ACTIVITY
Each line from the one containing "2021 Autumn Baby" through the last line of the data below should be printed exactly, please, with any pictures omitted.

Brief descriptive captions:
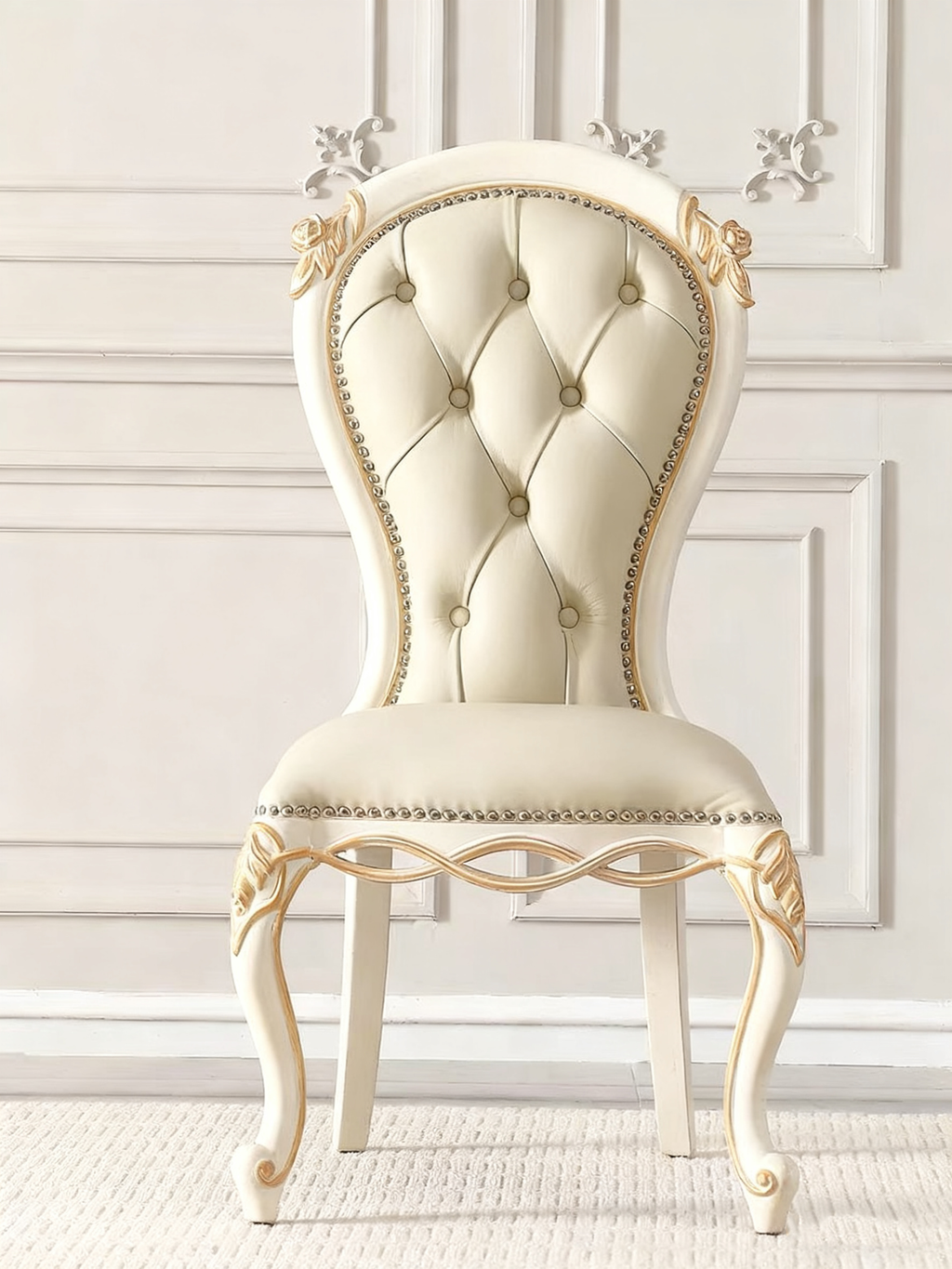 Ivory Bloom French Vintage Dining Chair image 0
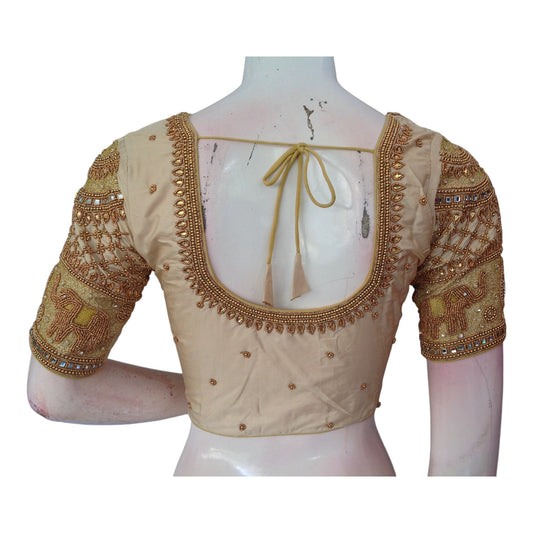 Timeless Cream Aari Handwork Wedding Silk Sari Ready made Blouse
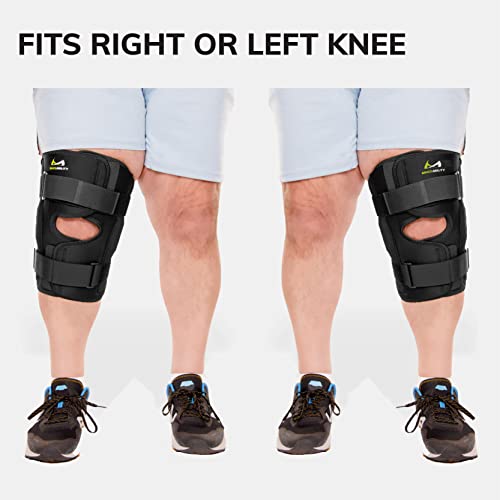 BraceAbility Obesity Hinged Knee Brace - XXXL Overweight to Plus Size Wrap Support for Womens and Mens Arthritis Treatment, Bariatric Joint Pain Relief, Kneecap Instability, Ligament Weakness (3XL) - size: XXX-Large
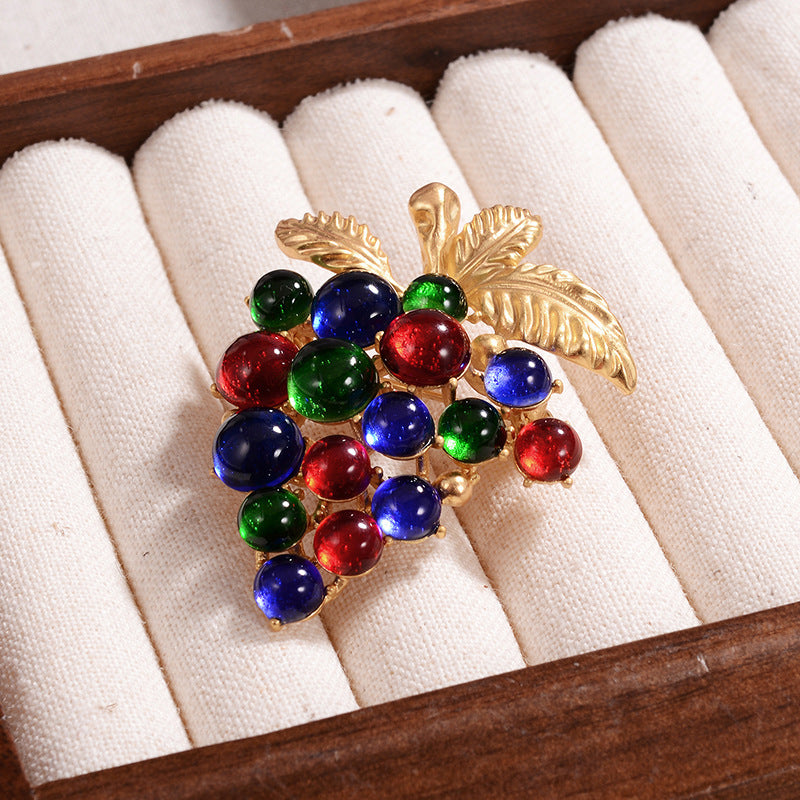 Colorful Grape Shape Brooch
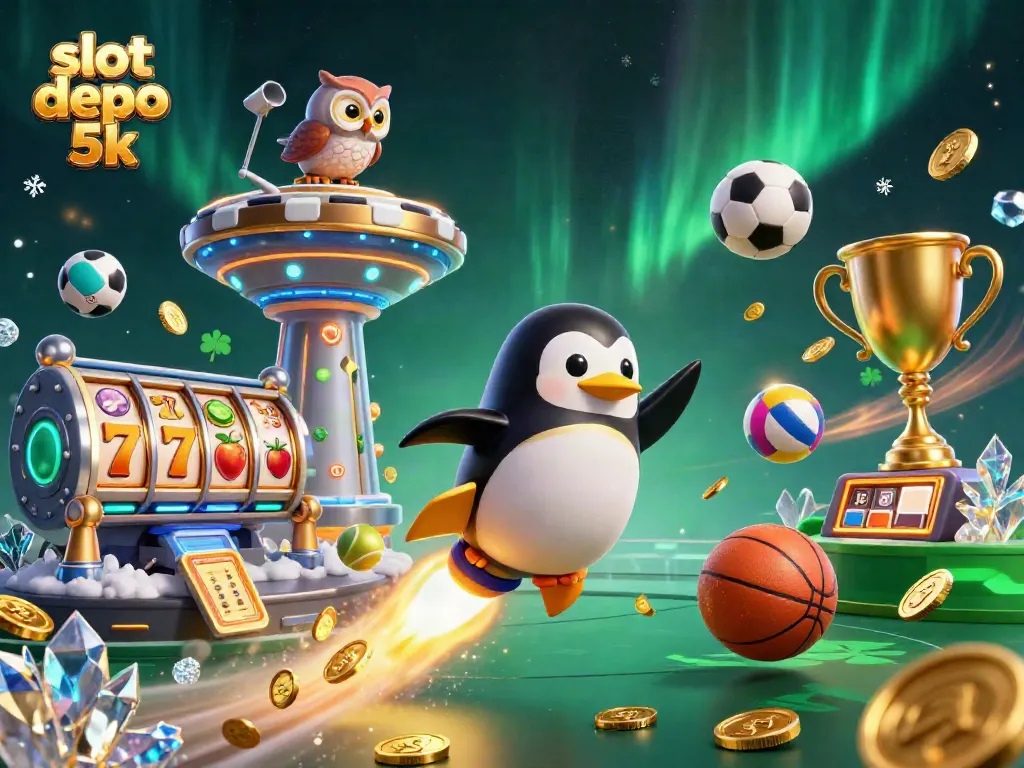 Experience the excitement of slot depo 5k with dynamic characters and gambling elements in a vibrant casino space setting.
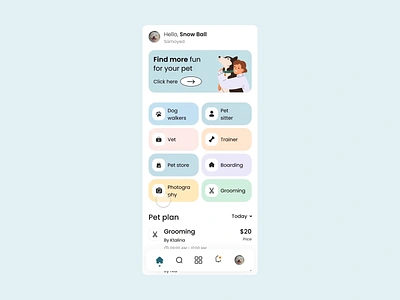 Pet Sitting App UI adoption animal animation design filtre illustration lover main page pet pet sitting ui ux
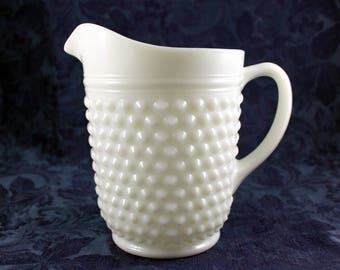 Milk Glass Pitcher, Anchor Hocking Hobnail and Dash Pattern, Vintage from 1960s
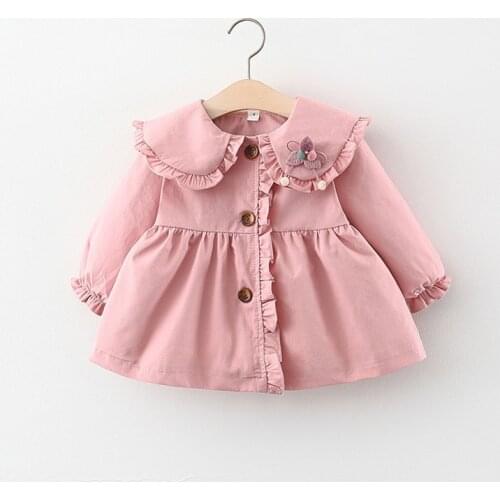 2021 Autumn Baby Girls Windbreaker Casual Fashion Girls Jackets for Infant Cotton Trench Outerwear Long Sleeve Baby Clothing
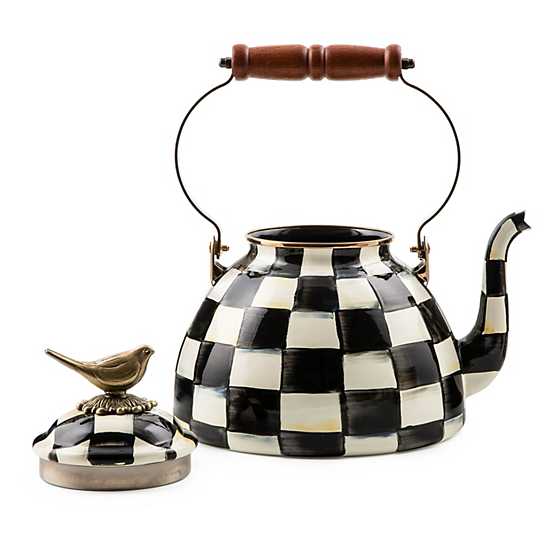 Courtly Check enamel tea kettle with bird handle in blue check pattern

OUTPUT BELOW
 2021 Autumn Baby Girls Windbreaker Casual Fashion Girls Jackets for Infant Cotton Trench Outerwear Long Sleeve Baby Clothing
 Courtly Check enamel tea kettle with bird handle in blue check pattern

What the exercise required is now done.